Но вернемся к переговорам с лордом Саймоном и Энтони Иденом в марте 1935 года. Бесконечный монолог канцлера был не только следствием его словесного недержания, неукротимого желания говорить и говорить, – он преследовал и тактические цели. Не зря же еще в 1920-е годы он заметил, что, готовя ту или иную речь, следует заранее предвидеть возражения оппонентов и выбить у них из-под ног почву. На сей раз он пустился в долгие рассуждения на свою излюбленную тему – опасности большевизма. Одновременно это позволило ему с ходу отмести критические замечания по поводу вооружения Германии. Действительно, эти возражения если и прозвучали, то выглядели не слишком убедительно.

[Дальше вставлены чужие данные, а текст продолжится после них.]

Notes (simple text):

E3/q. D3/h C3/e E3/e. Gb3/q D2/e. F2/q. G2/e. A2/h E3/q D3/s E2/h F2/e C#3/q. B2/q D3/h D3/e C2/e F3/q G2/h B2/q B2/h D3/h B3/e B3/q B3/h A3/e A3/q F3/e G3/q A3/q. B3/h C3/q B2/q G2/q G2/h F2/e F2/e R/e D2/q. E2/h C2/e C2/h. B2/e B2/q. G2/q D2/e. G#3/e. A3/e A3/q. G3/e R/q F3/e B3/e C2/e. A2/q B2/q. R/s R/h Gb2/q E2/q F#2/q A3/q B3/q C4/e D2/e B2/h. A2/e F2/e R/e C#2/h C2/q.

Саймон задал вопрос касательно Восточного пакта между Германией, Польшей, СССР, Чехословакией, Финляндией, Эстонией, Латвией и Литвой, и тут Гитлер в первый раз позволил себе рассердиться, особенно при упоминании Литвы. Он не желает иметь ничего общего со страной, в которой третируют мемельских немцев, заявил он. Однако быстро усмирил свой гнев и привел подлинную причину своего отказа участвовать в подобном пакте: никакого согласия между большевизмом и национал-социализмом нет и быть не может. Большевики убили сотни членов его партии; во время поднятых ими мятежей гибли солдаты и гражданское население. В качестве дополнительного аргумента Гитлер упомянул и свое недоверие к коллективным договорам, которые, на его взгляд, не только не могли служить препоной к войне, но, напротив, подталкивали к войне; это был намек на отрицательную роль альянсов, заключенных перед 1914 годом, и на роль Лиги Наций.

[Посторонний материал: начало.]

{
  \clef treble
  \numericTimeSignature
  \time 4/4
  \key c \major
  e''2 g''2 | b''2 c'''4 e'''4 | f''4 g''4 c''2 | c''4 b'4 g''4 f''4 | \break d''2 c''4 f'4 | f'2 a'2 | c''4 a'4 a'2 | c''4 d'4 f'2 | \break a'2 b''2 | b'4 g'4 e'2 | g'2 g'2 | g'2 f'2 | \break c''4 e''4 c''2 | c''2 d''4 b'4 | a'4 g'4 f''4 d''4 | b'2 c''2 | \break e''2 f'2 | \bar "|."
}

Собеседники затронули еще один вопрос – о балканском пакте, который должен был сыграть роль щита против внешнего вмешательства; это была французская идея, направленная на то, чтобы помешать аншлюсу Австрии и ослабить влияние рейха в Юго-Восточной Европе. Гитлер заявил, что не имеет принципиальных возражений против осуществления подобного плана, однако вначале следует более четко определить понятие «невмешательства». Переводчику Паулю Шмидту вдруг показалось, что он в Женеве: он часто замечал, что, если один из делегатов говорит, что он «в принципе» за то или иное предложение, это означает, что «на практике» он против него. Так что Гитлер вполне успешно использовал один из «трюков» международной дипломатии.